Maybe understanding the subtleties of the situation first is more important than valuing your outrage over a POTENTIAL dirty situation. I think as a homeowner one tends to float a lot of low-level outrage in general rather than calmly facing each issue as it comes along.
Comment by Joel — June 1st, 2009 @ 3:32 pm
The questions I have regarding the testing done:
1. A composite test is said to have been done using 30 samples from around the site. In the letter from Agresource, a test result for one particular sample that had a high level of something is mentioned, but no individual test results are provided, only this composite.
2. Federal limits on PCBs are at levels higher than fractions of parts per trillion. It does not seem reasonable that a composite result of 30 samples would be the correct method for identifying any PCB hot spots within the composting area, and in fact would seem to prove insufficiently sensitive if less than most/all of the samples had PCB contamination. So a good question to ask the lab would be, to what level of sensitivity can your lab detect PCBs? Using this level of sensitivity, one can guess how many of the samples MIGHT have contamination AT the maximum acceptable level and still end up with a composite sample that showed background levels of PCBs but no problem.

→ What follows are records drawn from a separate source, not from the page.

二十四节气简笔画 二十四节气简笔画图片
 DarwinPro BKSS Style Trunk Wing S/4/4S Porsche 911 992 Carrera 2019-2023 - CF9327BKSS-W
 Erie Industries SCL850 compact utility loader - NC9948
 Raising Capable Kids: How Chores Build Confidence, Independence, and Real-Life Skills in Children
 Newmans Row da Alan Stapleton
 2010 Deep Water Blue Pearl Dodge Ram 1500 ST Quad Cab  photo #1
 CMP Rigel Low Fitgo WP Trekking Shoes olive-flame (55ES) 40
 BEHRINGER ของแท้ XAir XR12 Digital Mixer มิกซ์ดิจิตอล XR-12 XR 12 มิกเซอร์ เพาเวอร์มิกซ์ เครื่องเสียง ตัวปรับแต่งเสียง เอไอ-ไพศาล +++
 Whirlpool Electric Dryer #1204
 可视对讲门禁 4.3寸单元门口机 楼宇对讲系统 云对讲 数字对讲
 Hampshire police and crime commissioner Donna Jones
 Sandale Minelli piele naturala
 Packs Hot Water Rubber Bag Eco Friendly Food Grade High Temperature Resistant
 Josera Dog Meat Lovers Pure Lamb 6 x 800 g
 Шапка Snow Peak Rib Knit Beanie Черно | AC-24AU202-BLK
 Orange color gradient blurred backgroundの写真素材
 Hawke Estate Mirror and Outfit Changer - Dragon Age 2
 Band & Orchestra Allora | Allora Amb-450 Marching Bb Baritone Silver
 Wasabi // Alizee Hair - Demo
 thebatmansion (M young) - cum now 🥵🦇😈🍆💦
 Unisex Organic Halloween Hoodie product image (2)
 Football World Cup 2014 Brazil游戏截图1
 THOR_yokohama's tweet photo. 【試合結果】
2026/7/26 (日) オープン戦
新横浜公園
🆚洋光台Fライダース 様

3. I am a gardener and I do soil tests every year. The instructions on a soil test are: if you have any area that is atypical of the other areas, test it separately. In land disturbed by typical grading operations used to create suburban landscapes, I have seen tests come back with enormous acidity difference that in a normal, undisturbed soil would be highly unusual (7.4 pH vs. 4.8 in the same yard). If a composite had been done of these two types, the soil might well appear to be a typical soil from the area, or perhaps slighly more acid than typical. The composite, for purposes of remediation, would have been meaningless.
The point is: when you do sampling, you have to know what your goal is. If your goal is to identify and remediate problems, you do not do composite samples of an entire area. The correct method of sampling would be done by a specialist in environmental hazard remediation, not by an employee of a firm with a financial interest in finding the compost clean (since it might be liable if contaminated, as it re-sells Stamford compost).
One method of remediating lead, for example, is simply to raise the pH and add lots of organic matter. Thus, if several samples had unacceptably high lead levels, the mere addition of the other organic matter samples would dilute that lead level to an acceptable level.
Legal levels of a particular contaminant appear to be separate and apart from whether those contaminants e.g. have any phytotoxic effect on plants. I found one discussion of phytotoxicity from dicamba that was at a much lower level than the legally acceptable rate ppm of dicamba in the compost.
State levels and federal levels also may be distinct. Federal level limits for lead, for example, are higher than state levels in CT.